Жена Бухольца уже была в столовой и, когда кресло с мужем поставили у стола, поцеловала его в голову, подставив свою руку для поцелуя, и села напротив.
Доктор тоже был здесь, он первый подошел к Боровецкому и представился.
— Хаммерштейн, доктор Юлиус Густав Хаммерштейн, — внушительно повторил он, оглаживая длинную светло-русую бороду, падавшую на грудь.
— Доктор — приверженец гомеопатии и вегетарианства. Болван стоит мне четыре тысячи рублей в год, выкуривает мои дорогие сигары и обещает, что либо вылечит меня, либо я помру…
Доктор хотел что-то возразить, но хозяйка тихим голоском пригласила приступить к обеду, который уже начали разносить лакеи.
Беседа шла по-немецки.
— Вы не вегетарианец? — спросил Хаммерштейн, вытаскивая бороду из-под салфетки, которую повязал.

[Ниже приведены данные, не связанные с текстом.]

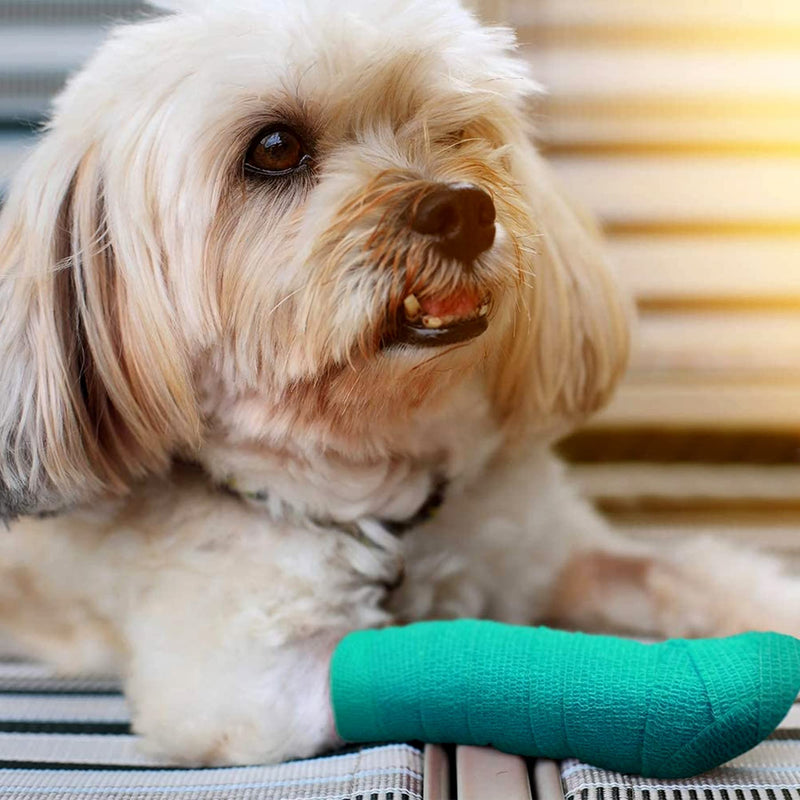 24 Roll Vet Wrap Bandages for Dogs Horses 2 Inch*5Yard Cohesive Medical Tape Self Adhesive Tape Flex Leg Wrap Adherent Non-Woven for Dog Cat Horse Pet Animals 24Rolls 2Inchx5yard-A - BeesActive Australia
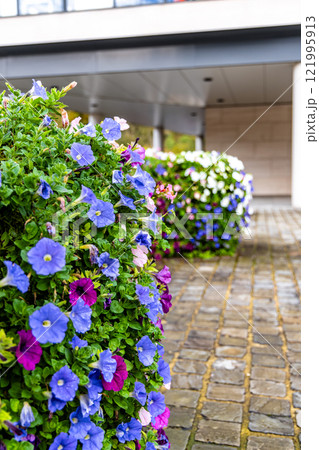A row of purple and blue flowers are growing in a garden 121995913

— Нет, я себя ни в чем не ограничиваю, — довольно резко ответил Кароль — расплывшаяся фигура доктора, его большой живот, крупное лицо и огромная лысая голова, блестевшая как начищенная сковородка, вызывали у него отвращение.
Хаммерштейн досадливо поморщился, бросил презрительный взгляд через выпуклые голубые стекла очков и сухо сказал:
— Всякая истина вначале подвергается осмеянию.
— Много у вас последователей в Лодзи?
— Он сам да мои собаки, только они запаршивели, потому что он запретил давать им мясо, — издевался Бухольц, который за столом ничего не ел, кроме овсяной каши с молоком.
— И в Лодзи, и во всей Польше — сплошь дикари!